▶ [Data block]:
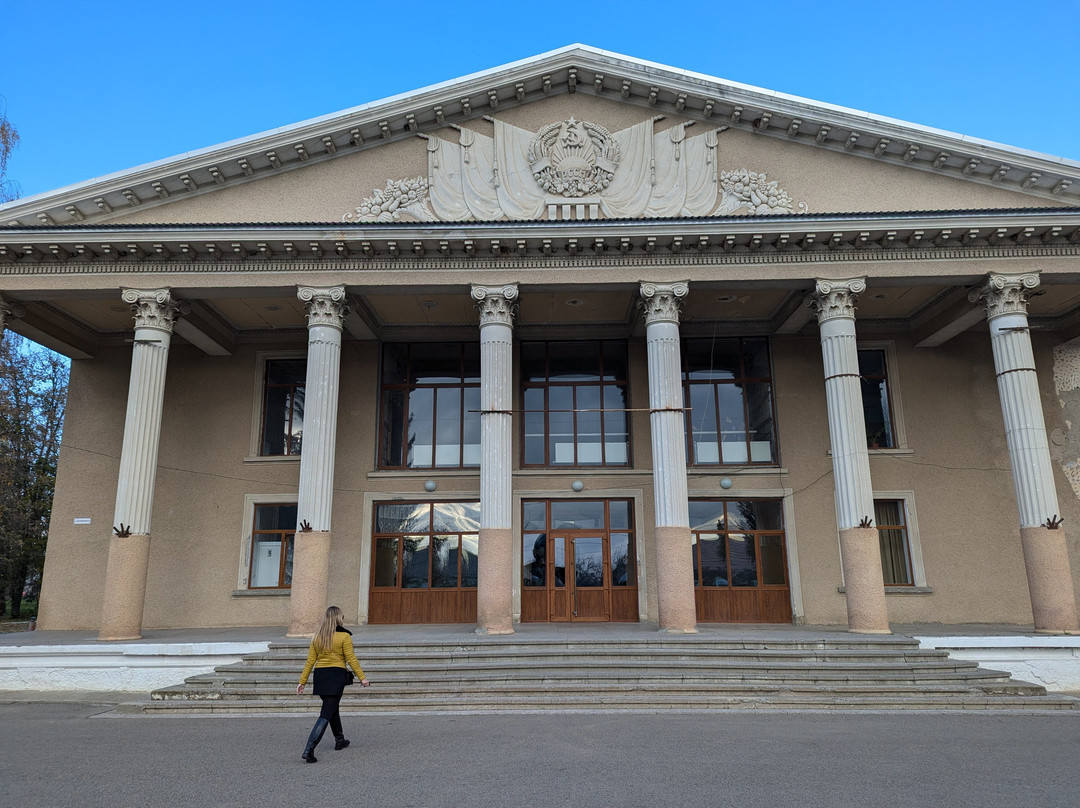 Tiras Tours-Tiraspol必去景点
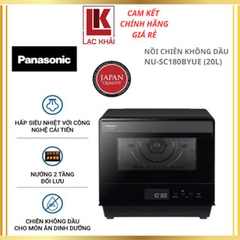 Lò vi sóng có nướng Panasonic 20L NU-SC180BYUE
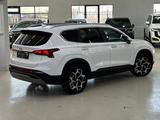 Hyundai Santa Fe 2021 года за 14 200 000 тг. в Шымкент – фото 4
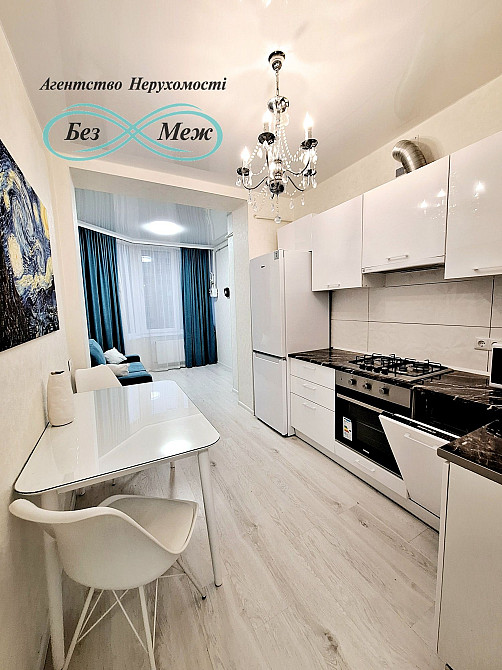 Оренда затишної 1 кім квартири в ЖК Софія Сіті,  42 м2, Стуса 21 Софиевская Борщаговка - изображение 2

▶ [Description of the task]:
The pictures in the data should be omitted, and every remaining line set down exactly.

▶ [Task solution]:
 Tiras Tours-Tiraspol必去景点
 Lò vi sóng có nướng Panasonic 20L NU-SC180BYUE
 Hyundai Santa Fe 2021 года за 14 200 000 тг. в Шымкент – фото 4
 Оренда затишної 1 кім квартири в ЖК Софія Сіті,  42 м2, Стуса 21 Софиевская Борщаговка - изображение 2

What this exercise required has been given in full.